An individual chimpanzee belongs to a large main group. However, that group will split up at different times during the day. The size of the social group in which a chimp interacts is always changing. Sometimes a chimp will be in a mixed sex group, a one sex group, alone, or mother infant band. This type of social grouping is called fission/fusion.
Chimps are diurnal. Each main group is very territorial. They have been observed using tools to extract termintes and ants from their nests. They also hunt. Often times they will hunt a juvenile monkey. The chimpanzees hunt in a group, and share the kill with the others.
Chimpanzee society has an identifiable set of rules that most of it's members live by. They submit to those of higher rank. Females defer to males. They cherish their parents. They care for their young. They have a kind of patriotism, and defend the group against outsiders. They share food. They abhor incest. But they have, so far as is known, no lawgivers. There are no stone tablets, no sacred books in which a code of conduct is laid out. Nevertheless, there is something similar to a code of ethics and morals operating among them one that many human societies would find recognizable and, as far as it goes, congenial.

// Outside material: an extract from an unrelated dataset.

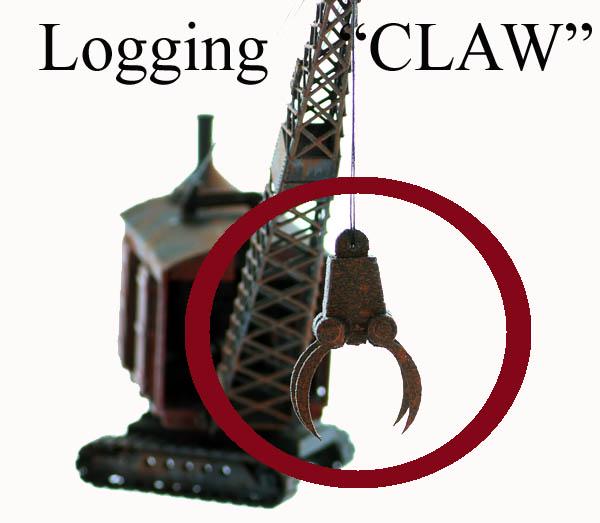 O Scale LOGGING CLAW Finished Model perfect for cranes or loads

Chimpanzees regularly crack open hard-shell seeds and nuts with a stone hammer against a stone or wooden anvil; and they'll carry the appropriate rocks over a good fraction of a kilometer for the purpose. At other times, wooden clubs may be used as nutcrackers. In the Twai Forest in the Ivory Coast, chimps select an appropriate club, climb a cola tree, pick the choice cola nuts, and crack them open using the branch as the anvil and the club as the hammer.
A chimp breaks off a long grass stalk or a reed so he or she may use it later, hundreds of meters away, more than an hour in the future, to lure delectable termites out of a log or termite mound. The chimp must remove superfluous leaves and twigs, shape it, shorten it, insert it into the termite tunnel with a deft twisting motion to follow the interior contours, shake it seductively to attract termites onto it, and then with great care remove it without scraping off too many. Chimps take years to perfect their technique and routinely teach it to their young, who are avid pupils. This exactly satisfies one confident definition of "the uniqueness of man's toolmaking"namely, "the fashioning, out of natural materials, of an implement designed to be used at a distant time and on objects not now perceptually present."
Chimpanzees
also are known to hunt. For a better look at chimp crude use of tools and
hunting behavior, refer to Dim Forest, Bright Chimps.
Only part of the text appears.